Phaedra, in her half-crazed state, scarcely heeds him. She sees honor gone and her life ruined through her old servant's mistaken kindness, for she really believes that Hippolytus means to tell the King. In despair she hangs herself. Before the dread deed, however, she has written on her tablet, sealed with a royal seal, the charge that Hippolytus has dishonored her. On the King's arrival the first thing he notes is the tablet fastened to his dead wife's wrist. Grief-stricken, he opens it believing that it will contain some final directions for the care of their children, only to be shocked by the terrible accusation against Hippolytus.

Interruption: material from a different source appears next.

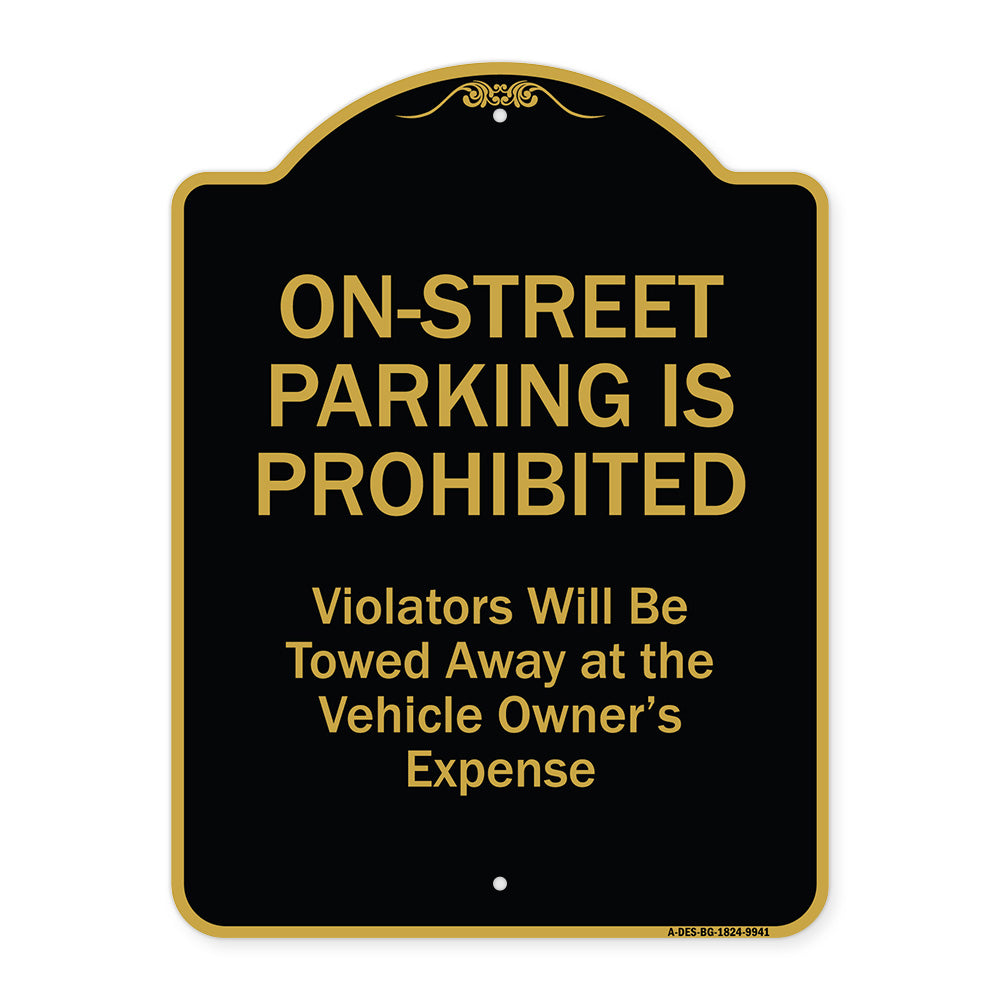 On-street Parking Prohibited Violators Will Be Towed At The Vehicle's Owner's Expense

The Prince's protestations of innocence are unavailing against the King's unreasoning anger, and his oath prevents his speaking the whole truth. Theseus condemns his son to life-long exile and in addition prays to his ancestor, Poseidon, powerful god of the sea, to destroy the ravisher of his dear wife.

Hippolytus, knowing the futility of further arguments, mounts his chariot to drive along the seashore until he shall reach his father's boundaries. As he drives, a terrible monster, riding a huge wave, so frightens his spirited horses that he is dashed against the rocks and is carried back, dying, to his father's presence. While he is still conscious Artemis appears in a cloud and explains to Theseus how cruelly Aphrodite had plotted against Hippolytus. Thus both the youth and Phaedra are revealed as the innocent victims of a goddess' jealousy and their honor is vindicated.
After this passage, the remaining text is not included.